Postgres Deadlocks: Logging the Victim, Reproducing the Race, and Fixing the Lock Order
The batch job runs fine locally and explodes in production with ERROR: 40P01 deadlock detected. Here is how to make Postgres tell you exactly which queries fought, how to reproduce the race in a test script, and the three lock-ordering rules that eliminate deadlocks without guesswork.
The batch inventory sync ran fine for six months. Then one Tuesday at 2:14 p.m., while the sync overlapped with checkout traffic, the error rate jumped from zero to 12%. The logs were full of this:
ERROR: deadlock detected
DETAIL: Process 12345 waits for ShareLock on transaction 67890;
Process 67890 waits for ShareLock on transaction 12345.
HINT: See server log for query details.
CONTEXT: while updating tuple (0,15) in relation "inventory"
The first reaction on every team is the same: “Postgres is broken.” It is not. Postgres did exactly what it is supposed to do. It detected a circular wait between two transactions, picked one as the victim, rolled it back, and let the other finish. The bug is in the application code that handed Postgres two transactions with opposite lock orders. This post is about making Postgres tell you the full story, reproducing that story in a test script, and the three rules that stop deadlocks from being your problem.

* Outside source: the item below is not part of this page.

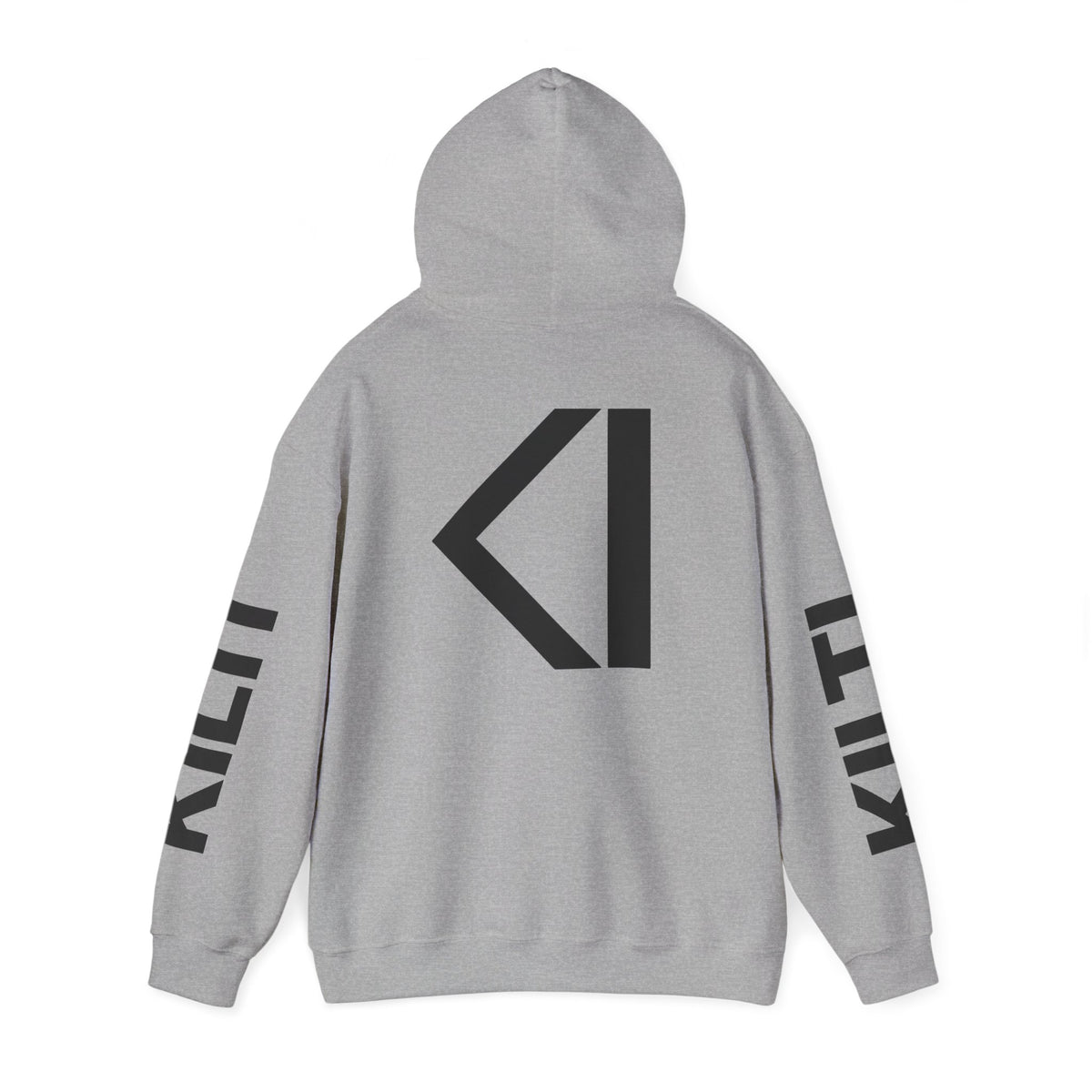 Copy of KILTI Tonal Hoodie - Sand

No restarts. No connection pool increases. Just working code.
What a deadlock actually is
A deadlock is not a crash. It is not corruption. It is a traffic jam with no exit.
Transaction A locks row 1, then tries to lock row 2. Transaction B locks row 2, then tries to lock row 1. Each holds what the other wants. Postgres waits for deadlock_timeout (default 1 second), builds a wait-for graph, realizes the cycle, and kills the cheaper transaction to break it.

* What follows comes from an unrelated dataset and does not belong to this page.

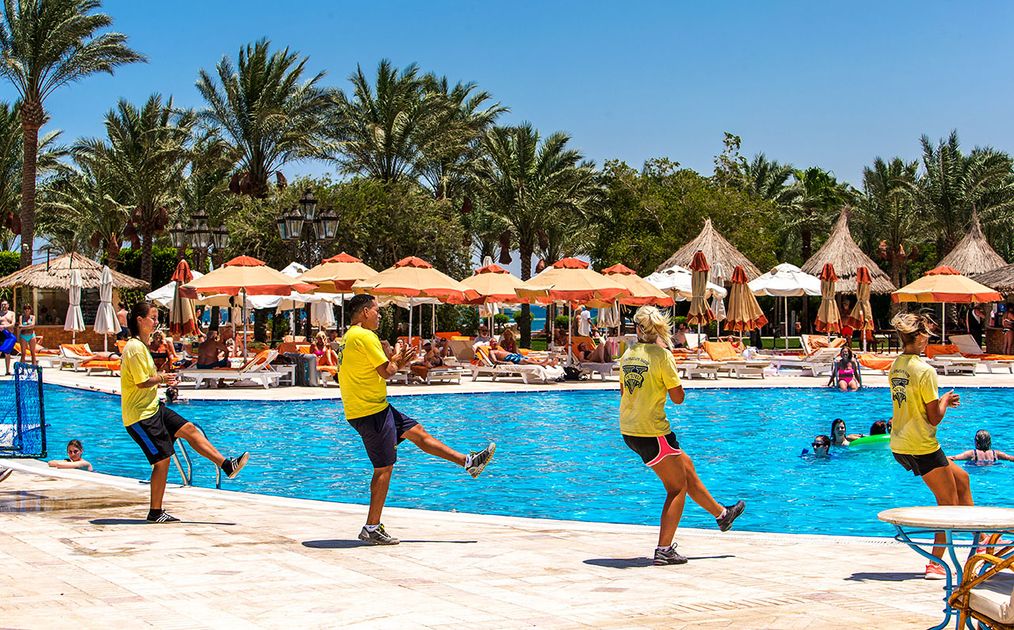 Картинка отеля - 38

The victim receives error code 40P01. Every query it ran inside that transaction is rolled back. The survivor commits. From the user’s perspective, one request failed with a 500 and the other succeeded. If your retry logic does not know what 40P01 means, the user sees the 500. If your retry logic does know, the victim retries and usually succeeds on the second attempt.
The important insight: deadlocks are almost always deterministic. The same two code paths, hitting the same rows, in the same order, will deadlock every time. Which means you can reproduce them locally and fix the ordering.
Make Postgres tell you exactly who fought
The default log output for a deadlock is useless. You get the error, but not the queries that caused it. Change three settings.
ALTER SYSTEM SET log_lock_waits = on;
ALTER SYSTEM SET deadlock_timeout = '1s';
ALTER SYSTEM SET log_line_prefix = '%t [%p] [%l-1] db=%d,app=%a ';
SELECT pg_reload_conf();
log_lock_waits = onmeans any lock wait that exceedsdeadlock_timeoutgets written to the log before the deadlock is resolved. You see both queries, not just the victim’s stack trace.deadlock_timeout = '1s'is the default, but many cloud providers silently change it. Check it.log_line_prefixincludes the process ID (%p), log line (%l), database (%d), and application name (%a). When you grep the log for the two PIDs in the deadlock detail, you find the exact queries.
After the change, the log looks like this:
2026-05-14 14:14:32 [12345] [4] db=shop,app=batch_sync
process 12345 still waiting for ShareLock on transaction 67890
after 1000.145 ms
Context: SQL statement "UPDATE inventory SET qty = qty - 1 WHERE sku = 'A-002'"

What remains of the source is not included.